Game of Thrones Clegane-bowl (an author’s perspective)
SPOILER WARNING FOR GAME OF THRONES S08E05
Like a lot of people I’ve been into a Game of Thrones for the
last five years or so (yes I was late to the party). And, like lots of people
online, I’ve found parts of the final series to be somewhat lacking.
One of the scenes that I’d like to look at in more detail is
the long-awaited Clegane-v-Clegane smack-down. That final epic fight between
the huge brothers. Or Cleganebowl as the internet has dubbed it.
Straight up, the fight itself was a visual masterpiece and
really well choreographed. It was great spectacle, and I’d even go so far as to
say it has a really interesting mini-ark, with rise, fall and “darkest moment”.
But as part of the broader narrative, I found it lacking in
stakes.
People (or readers) want character motivations, and given
Thrones has been a largely character driven it’s expected that character
motivations should be the driving force behind something this “big”.
When it comes to character motivations, I’ve found that
people associate more keenly with a character who’s fighting for something
rather than against something.
I’d argue that the Clegane bros aren’t even fighting against
something, they’re just fighting because it’s all that’s left between them –
which is in and of itself a beautiful tragedy.
But let’s see what difference it makes when we give the
characters motivations, let’s give Sandor something to fight for.

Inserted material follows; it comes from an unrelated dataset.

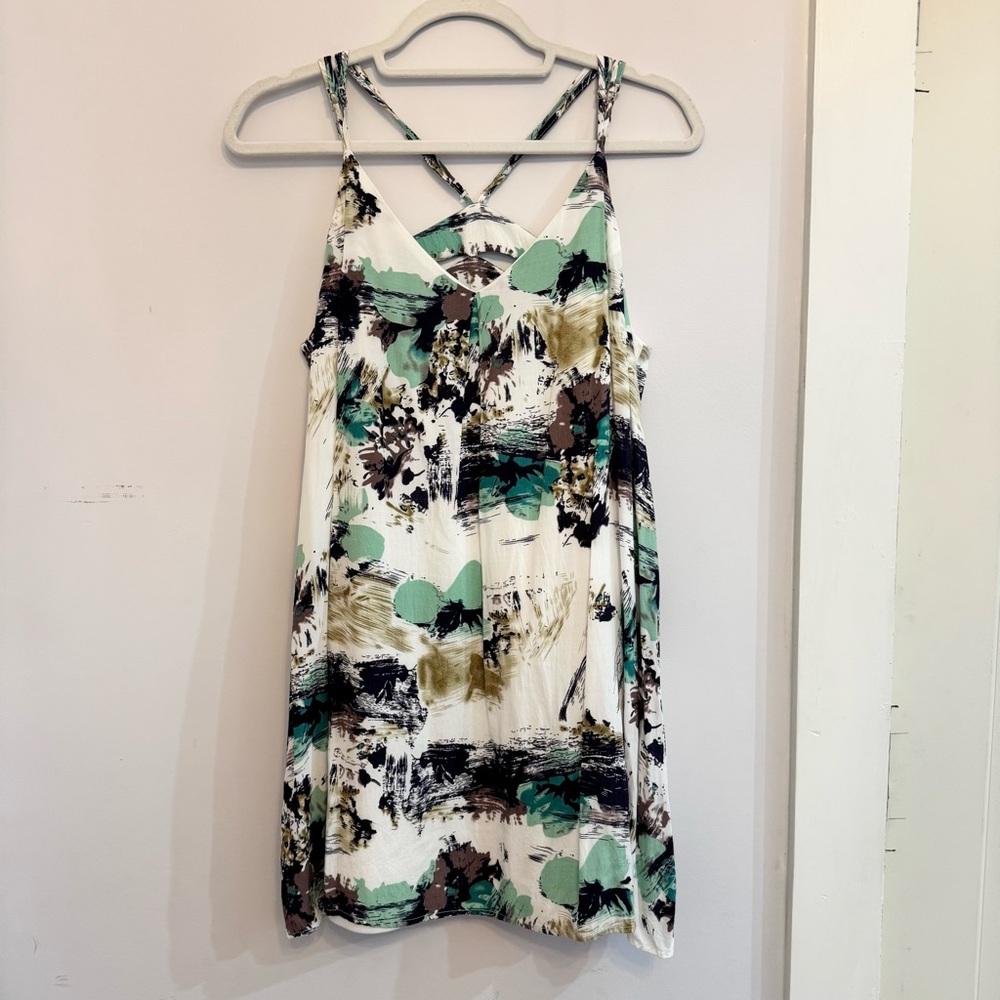 Entro Green and Brown Spaghetti Strap Dress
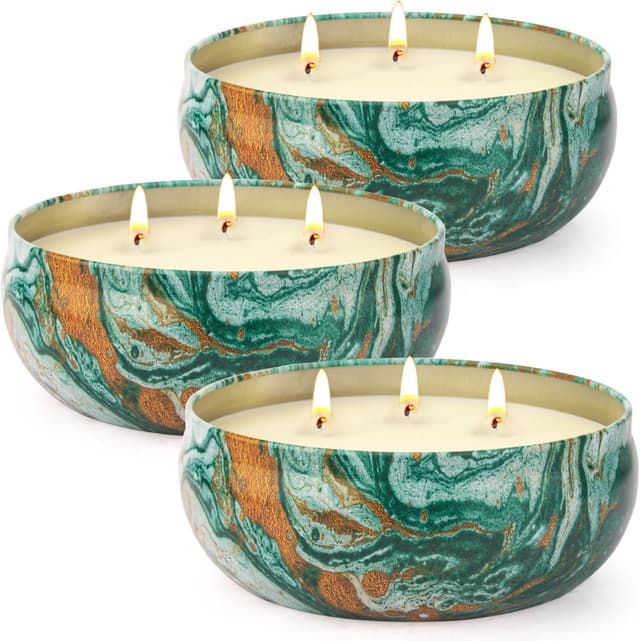 🌿 Citronella Kerzen Outdoor Groß - 3 x 14oz 3-Docht Camping Kerz 🏕️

In the original, the two brothers face off on the staircase,
eyeing each other for a moment before drawing steel and readying themselves for
battle.
Then they engage in epic combat. Sandor has the upper hand
at first, battering the Queens-guard armour from Ser Gregor's body. Eventually the
sheer indestructability of the older brother gives Gregor the upper hand and he
beats Sandor down again and again, eventually going for his signature head-crush.
Life and sight slipping away, Sandor fumbles for his knife and stabs his
brother again and again, but Gregor just won’t die.
In a final act of desperation, Sandor tackles his older
brother through the castle wall, sending them both plunging to a fiery and poetic death.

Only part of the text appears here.